[Work instructions] Find "Pdp - Nintendo" and "Binding: Paperback" in the records below. Copy the lines holding them and every line between, exactly, and no others.

(Saved entries)
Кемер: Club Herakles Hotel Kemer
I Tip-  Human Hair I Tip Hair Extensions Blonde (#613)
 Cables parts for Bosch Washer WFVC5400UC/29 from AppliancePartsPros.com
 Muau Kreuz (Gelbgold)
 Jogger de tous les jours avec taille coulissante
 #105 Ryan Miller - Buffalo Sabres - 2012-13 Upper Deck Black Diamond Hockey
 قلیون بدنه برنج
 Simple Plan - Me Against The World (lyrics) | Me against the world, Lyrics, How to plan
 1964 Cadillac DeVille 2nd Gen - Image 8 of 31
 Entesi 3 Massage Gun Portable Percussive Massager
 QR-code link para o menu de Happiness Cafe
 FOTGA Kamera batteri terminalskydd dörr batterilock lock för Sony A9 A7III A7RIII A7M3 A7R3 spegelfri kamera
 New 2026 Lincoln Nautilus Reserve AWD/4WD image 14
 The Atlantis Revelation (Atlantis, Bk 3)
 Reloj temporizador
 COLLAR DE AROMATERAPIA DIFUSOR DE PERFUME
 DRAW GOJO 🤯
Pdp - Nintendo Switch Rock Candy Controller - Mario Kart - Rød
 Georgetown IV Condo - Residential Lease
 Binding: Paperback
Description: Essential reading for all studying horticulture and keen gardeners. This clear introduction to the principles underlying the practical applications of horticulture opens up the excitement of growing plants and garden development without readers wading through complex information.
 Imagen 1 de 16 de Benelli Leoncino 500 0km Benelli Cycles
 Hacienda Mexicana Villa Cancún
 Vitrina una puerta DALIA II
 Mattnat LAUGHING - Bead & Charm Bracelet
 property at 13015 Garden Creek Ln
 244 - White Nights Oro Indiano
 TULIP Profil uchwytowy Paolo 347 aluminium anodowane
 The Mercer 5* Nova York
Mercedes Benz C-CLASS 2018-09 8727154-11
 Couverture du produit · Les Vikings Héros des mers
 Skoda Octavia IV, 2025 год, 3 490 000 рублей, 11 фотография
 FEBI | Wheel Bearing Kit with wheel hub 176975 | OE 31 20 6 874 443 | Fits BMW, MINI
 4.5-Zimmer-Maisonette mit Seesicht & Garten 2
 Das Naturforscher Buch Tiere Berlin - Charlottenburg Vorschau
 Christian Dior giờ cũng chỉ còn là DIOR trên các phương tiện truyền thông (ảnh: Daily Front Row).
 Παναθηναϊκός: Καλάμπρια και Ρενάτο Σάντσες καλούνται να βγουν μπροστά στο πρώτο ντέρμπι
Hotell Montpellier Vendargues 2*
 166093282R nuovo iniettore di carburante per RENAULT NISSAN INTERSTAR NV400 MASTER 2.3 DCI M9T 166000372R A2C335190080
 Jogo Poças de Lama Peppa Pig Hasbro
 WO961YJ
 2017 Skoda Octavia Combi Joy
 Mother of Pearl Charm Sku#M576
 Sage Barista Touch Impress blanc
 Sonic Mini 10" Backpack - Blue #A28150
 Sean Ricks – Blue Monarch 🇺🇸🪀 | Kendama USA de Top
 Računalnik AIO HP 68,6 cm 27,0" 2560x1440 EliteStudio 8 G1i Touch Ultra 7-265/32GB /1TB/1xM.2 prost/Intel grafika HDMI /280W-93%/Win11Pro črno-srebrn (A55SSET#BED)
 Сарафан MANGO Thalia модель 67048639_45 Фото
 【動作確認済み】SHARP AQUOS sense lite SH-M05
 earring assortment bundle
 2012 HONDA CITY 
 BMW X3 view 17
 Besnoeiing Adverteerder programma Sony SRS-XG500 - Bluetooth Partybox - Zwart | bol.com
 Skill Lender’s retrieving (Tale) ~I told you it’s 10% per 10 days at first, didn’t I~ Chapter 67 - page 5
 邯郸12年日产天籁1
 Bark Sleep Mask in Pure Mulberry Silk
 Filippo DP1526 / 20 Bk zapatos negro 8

[Output for this task]
Pdp - Nintendo Switch Rock Candy Controller - Mario Kart - Rød
 Georgetown IV Condo - Residential Lease
 Binding: Paperback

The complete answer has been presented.